On se souvient des espérances qui avaient accueilli M. Bertrand, à son entrée comme directeur au Théâtre des Nations. Il semblait que notre République elle-même s’intéressât à l’affaire ; des personnages puissants patronnaient, disait-on, le nouveau directeur ; on allait enfin avoir une scène nationale, on élèverait les âmes, on élargirait l’idéal, on continuerait 1830, mais un 1830 républicain, qui achèverait devant le trou du souffleur la besogne commencée à la tribune de la Chambre. Hélas ! M. Bertrand dort aujourd’hui dans la terre, empoisonné.
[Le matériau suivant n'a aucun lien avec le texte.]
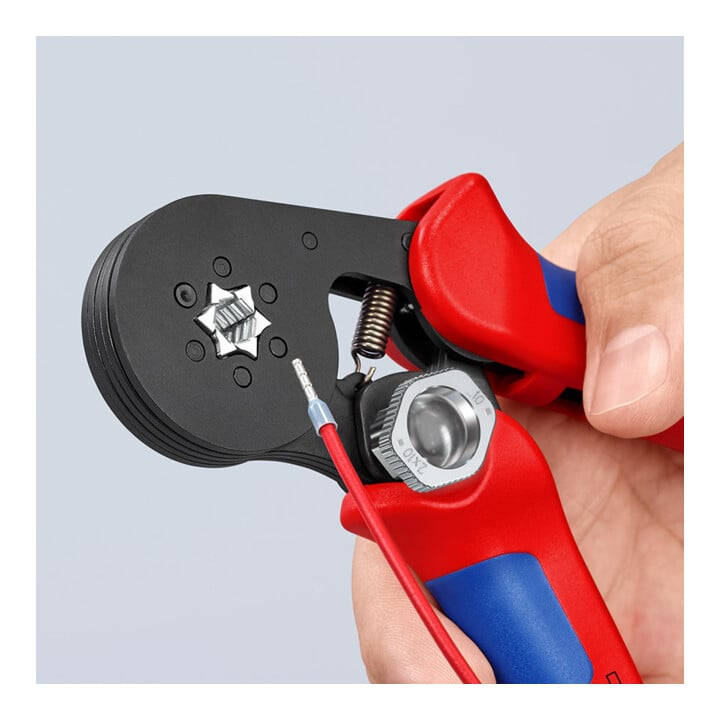 KNIPEX zelfinstellende krimptang gebruineerd met meer-component hulzen 180mm voor adereindhulzen 0,08 - 10mm²
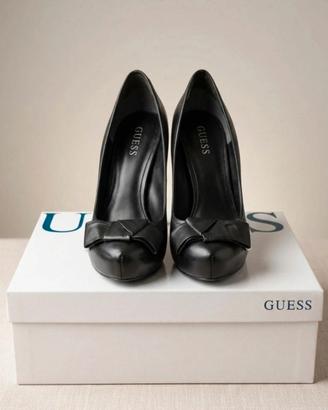 Decollete GUESS Nere Pelle Fiocco Tacco 39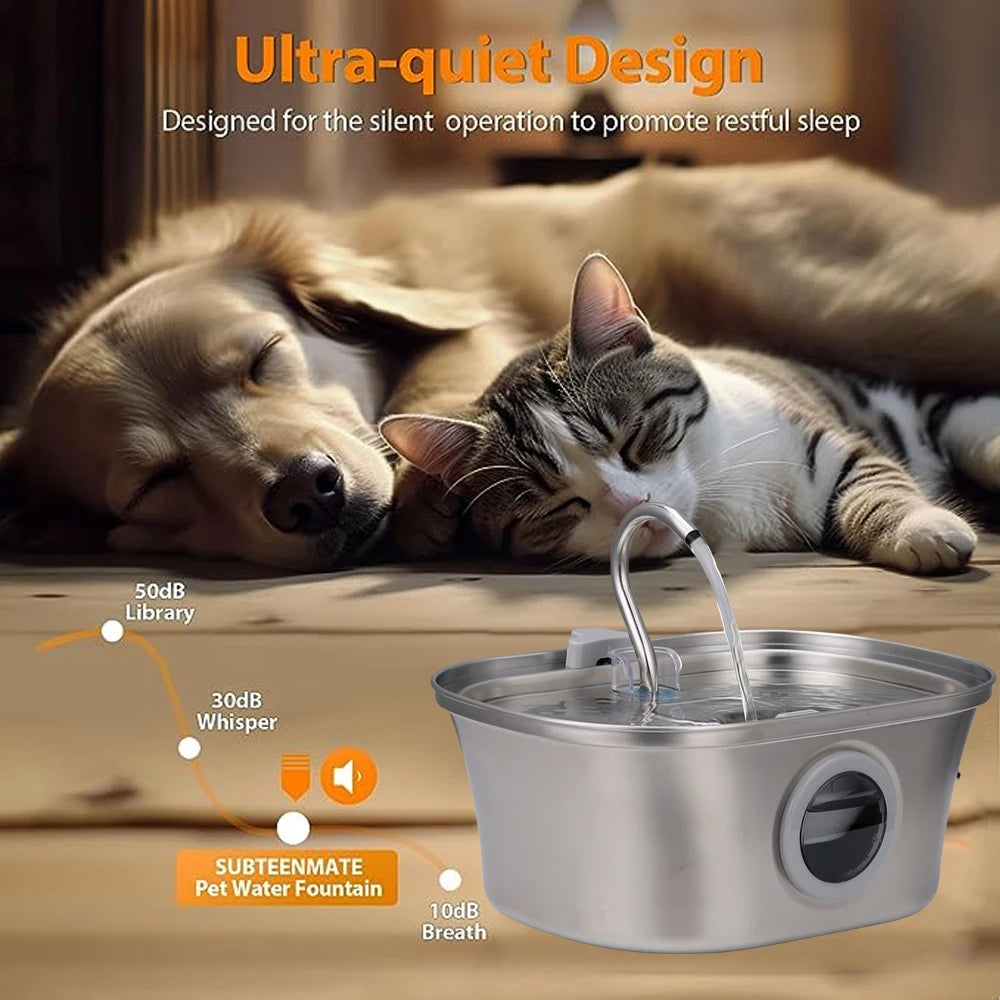 Stainless Steel Automatic Pet Water Fountain 3.2L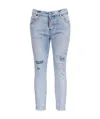 Dsquared2 Cropped Distressed Skinny Jeans In Gray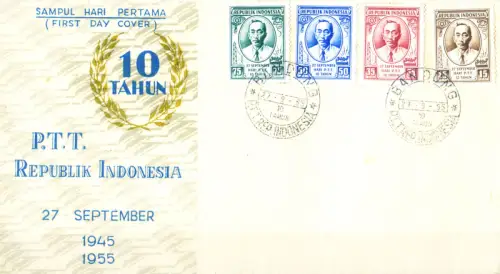 Indonesien. Jubiläum der Post 1955. FDC.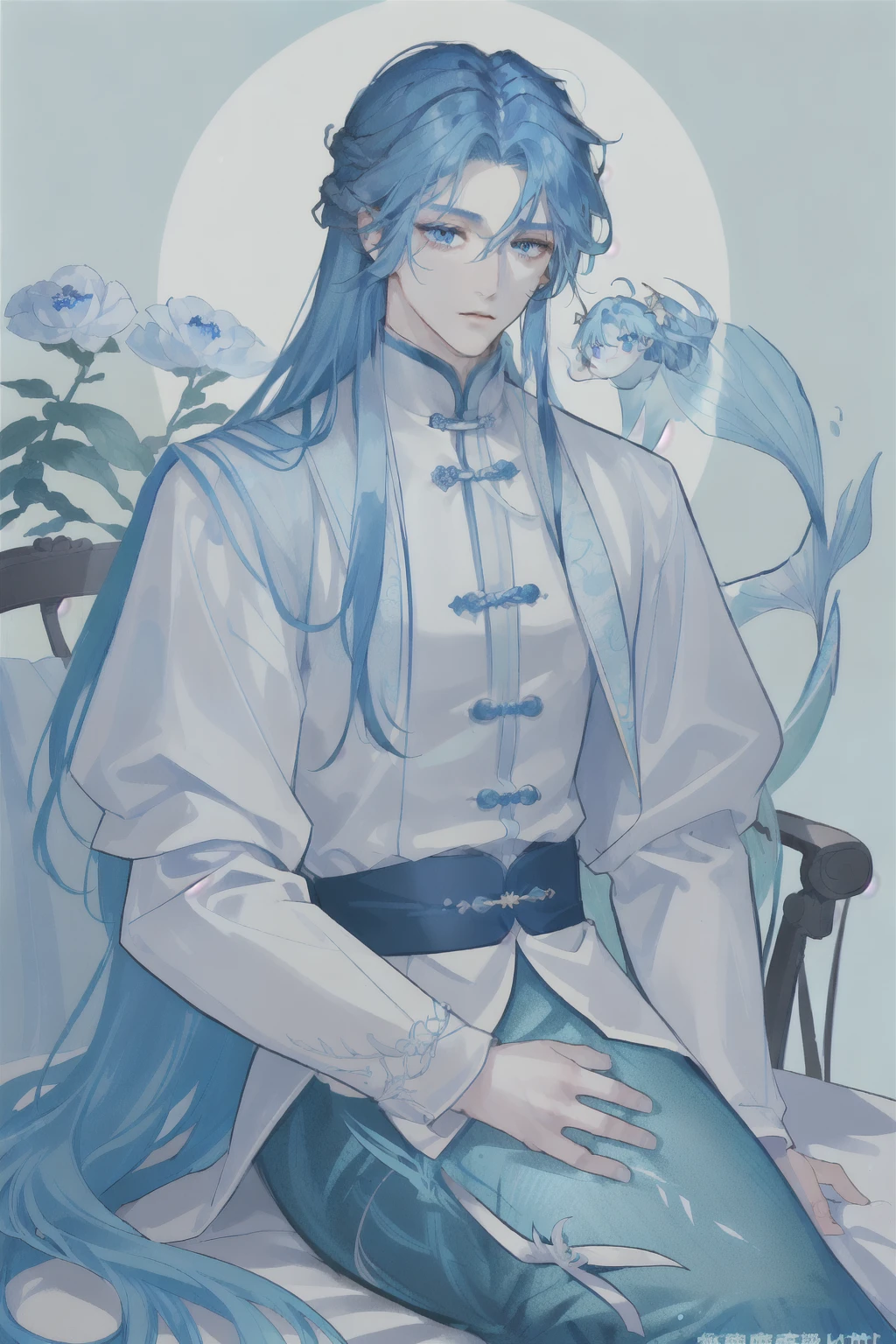 masterpiece, best quality, 1 male, aldult, Mature, Long blue hair,Liuhai Zhongfen,curls,mermaid,Blue skin,blue eyes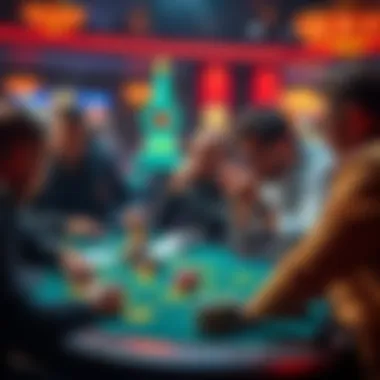 Players at a Live Gaming Table A group of players displaying poor behavior at a live gaming table, with one player visibly upset and another arguing with the dealer.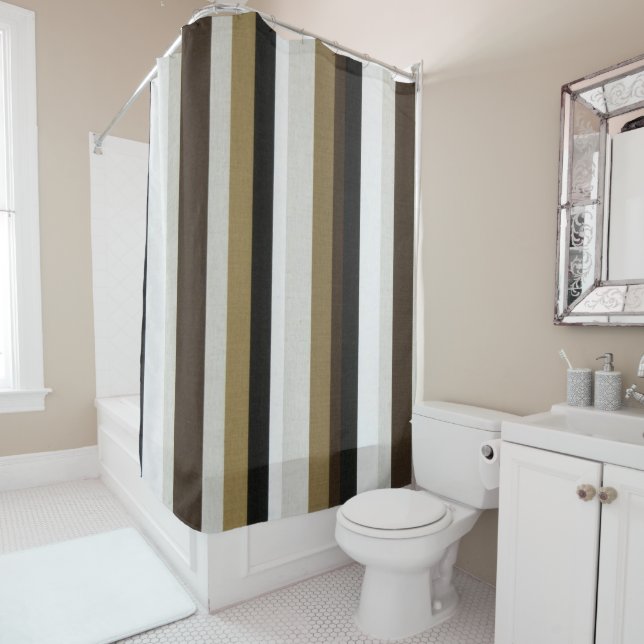 Shower Curtain Stripe Brown & White (In Situ)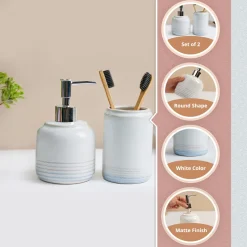 VON CASA Fine-Lined White Ceramic Bathroom Set (Set Of 2)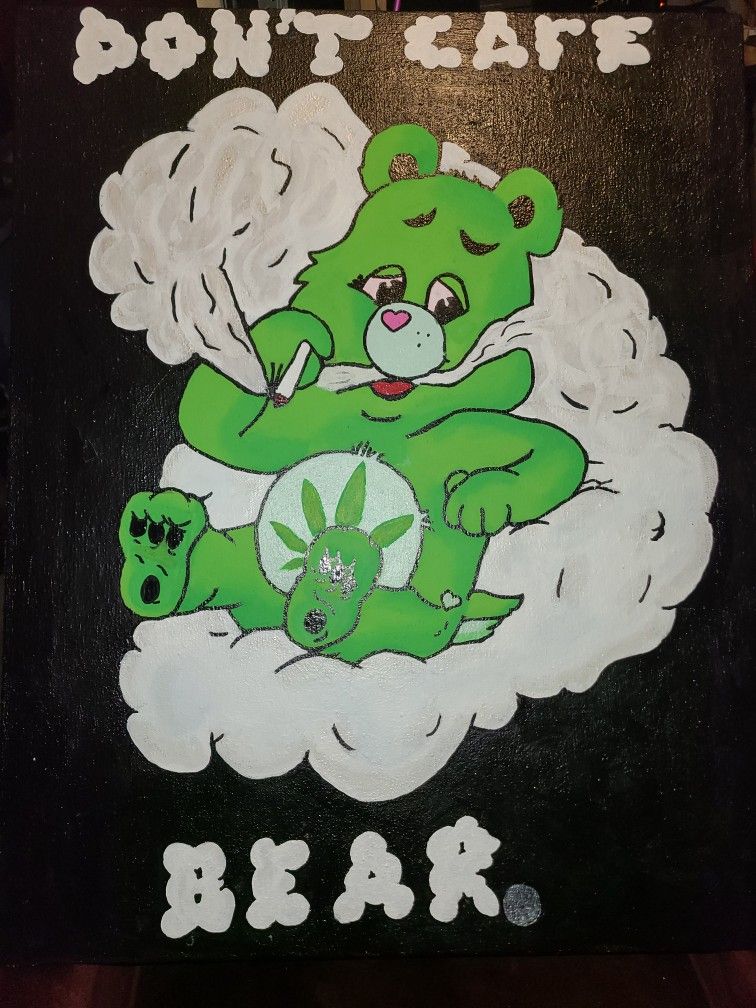 "Don't Care Bear" Painting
C’était un honnête homme. Il avait cru à toutes les belles phrases, il arrivait réellement pour relever l’idéal avec des tirades patriotiques. Son idée était que notre jeune littérature attendait l’ouverture d’un théâtre républicain pour produire des chefs-d’œuvre. Et il s’était mis ardemment à la besogne. Quelques mois ont suffi pour le désespérer et le tuer. Toutes ses tentatives échouaient ; Camille Desmoulins et les Mirabeau étaient bien empruntés à notre Révolution, mais le public ne voulait pas de notre Révolution accommodée à cette étrange sauce ; Notre-Dame de Paris elle-même, qui aurait pu être une bonne affaire pour la direction, si elle s’était arrêtée à la cinquantième représentation, l’avait laissée, après la centième, dans des embarras d’argent. Jamais on n’a vu des ambitions plus généreuses aboutir si vite à une catastrophe plus lamentable.